→ **Dataset records**
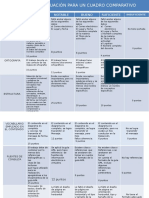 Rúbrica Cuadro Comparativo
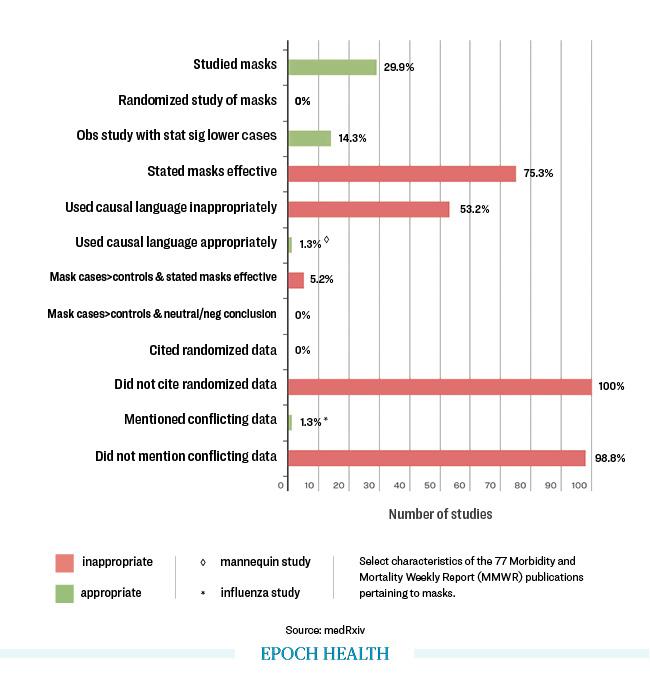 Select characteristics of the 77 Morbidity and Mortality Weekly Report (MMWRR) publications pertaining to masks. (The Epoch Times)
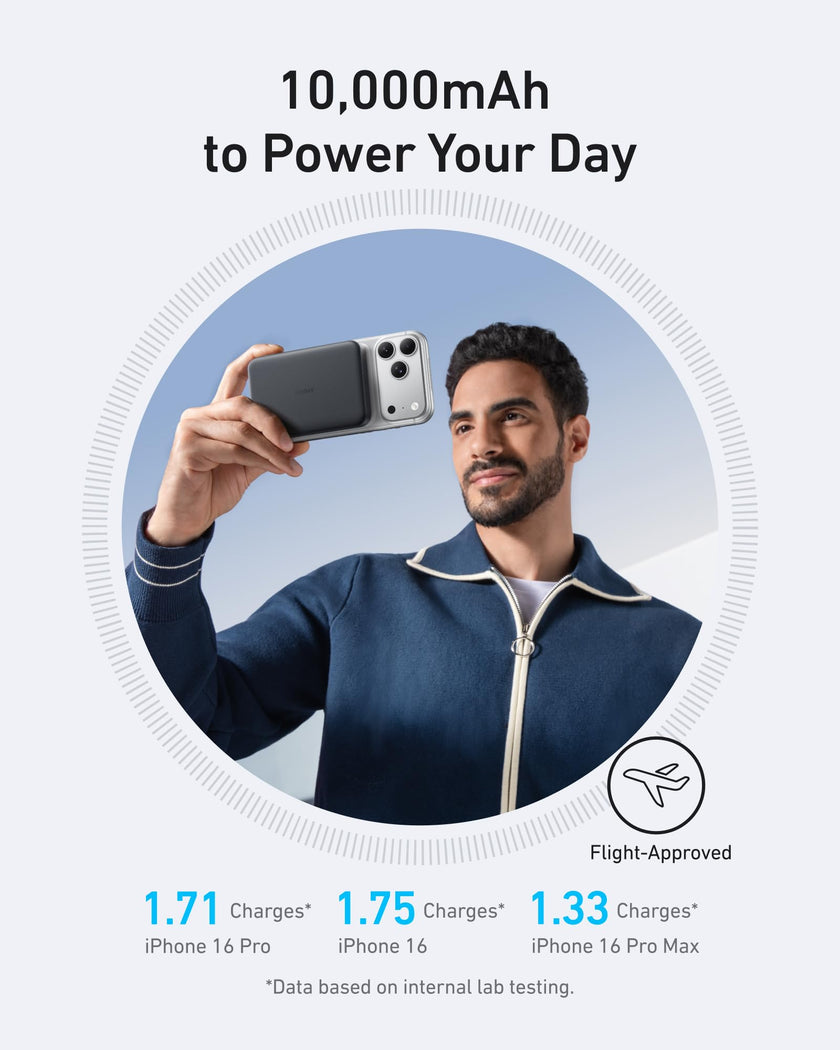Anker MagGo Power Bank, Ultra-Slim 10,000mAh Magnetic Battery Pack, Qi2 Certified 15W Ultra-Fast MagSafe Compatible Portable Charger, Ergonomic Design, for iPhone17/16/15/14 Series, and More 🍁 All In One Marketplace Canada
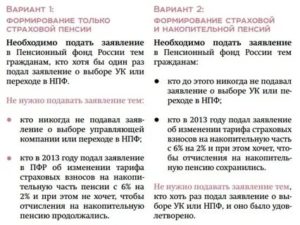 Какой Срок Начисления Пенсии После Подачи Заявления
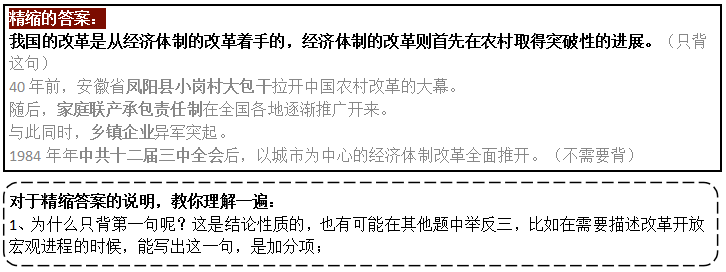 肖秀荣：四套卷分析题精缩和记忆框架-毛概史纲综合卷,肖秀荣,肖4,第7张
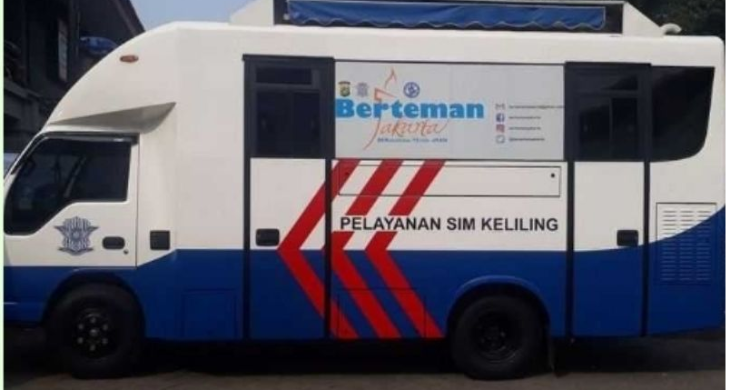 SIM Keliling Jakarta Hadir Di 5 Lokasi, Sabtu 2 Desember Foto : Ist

→ **Task goal**
Leave out every picture, and copy exactly the lines above starting at the one holding "Select characteristics of" and ending at the one holding "肖秀荣：四套卷分析题精缩和记忆框架-毛概史纲综合卷,肖秀荣,肖4,第7张", no more and no less.

→ **Exercise answer**
 Select characteristics of the 77 Morbidity and Mortality Weekly Report (MMWRR) publications pertaining to masks. (The Epoch Times)
Anker MagGo Power Bank, Ultra-Slim 10,000mAh Magnetic Battery Pack, Qi2 Certified 15W Ultra-Fast MagSafe Compatible Portable Charger, Ergonomic Design, for iPhone17/16/15/14 Series, and More 🍁 All In One Marketplace Canada
 Какой Срок Начисления Пенсии После Подачи Заявления
 肖秀荣：四套卷分析题精缩和记忆框架-毛概史纲综合卷,肖秀荣,肖4,第7张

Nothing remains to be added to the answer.